Looking back into the past, it does appear that the onset of a new ENSO phase does seem to have a habit of breaking the current spell. The 2020-2023 La Nina broke the wetter spell of 2019-late 2020 (albeit that period did have dry spells), the 2018/19 El Nino broke the spell of dry conditions from mid-2016 to late 2018, the 2016/17 cold neutral broke the late 2013-early 2016 wet spell, the 2010/11 La Nina broke the wet spell of mid-2007 to late 2009, the 06/07 Nina broke the drier spell that'd been ongoing since 2003 (although 2004 was a bit of a break in the wetter conditions), and the 1998 Nina broke the very dry spell of the 90s.
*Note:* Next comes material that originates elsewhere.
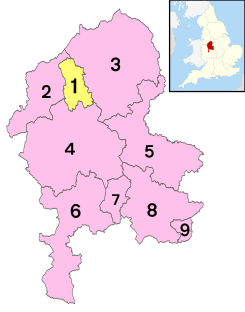 Staffordshire numbered districts.svg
As a minor La Nina does seem to be coming, this could mean we see an end to this wet spell and the start of a drier late 2020s. How long this wet spell has lasted depends on if you count 2021-September 2022 a dry spell or merely an interruption in a longer 2019-present wet spell. If you use that definition then we're right at the expected lifespan of long wet spells like the late 90s-early 00s (1999 and 2001 both had breaks in the wetter conditions IIRC) and we should be expecting a change now. If you consider 2021-September 2022 it's own dry spell and for the current wet spell to have started in late 2022, then we could still have another 2-3 wetter years ahead before around 2027 or 2028 sees the start of a drier spell.
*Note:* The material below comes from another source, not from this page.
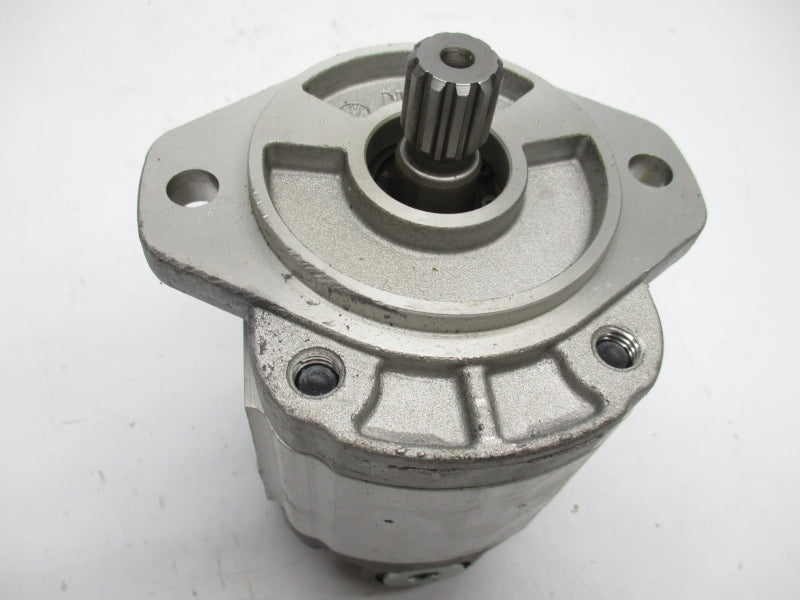 PARKER 138825 (AS PICTURED) NSNP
Going back to other record hot summers, after 1976 it took until 1983 to have another dry year and until the very late 80s for another long dry spell. After 1911 it took a good few years to start recording drier and more settled years again. 1912 was infamously wet and 1913 was unsettled too. I don't know how 1914 or 1915 went but I do know it took until the late 1910s to start seeing warm summers again. After 1990 it stayed very dry but was a lot cooler. After 1995 there were two more dry years until 1998 did it's thing. After 2003, 2004 was wetter again but 2005 and 2006 returned to the dryness and notable warmth, and then after 2006 it turned much wetter and cooler, and it took until 2009 to see a settled spell in summer again and 2010 to see a dry year overall (and 2011 to see a notably dry year again).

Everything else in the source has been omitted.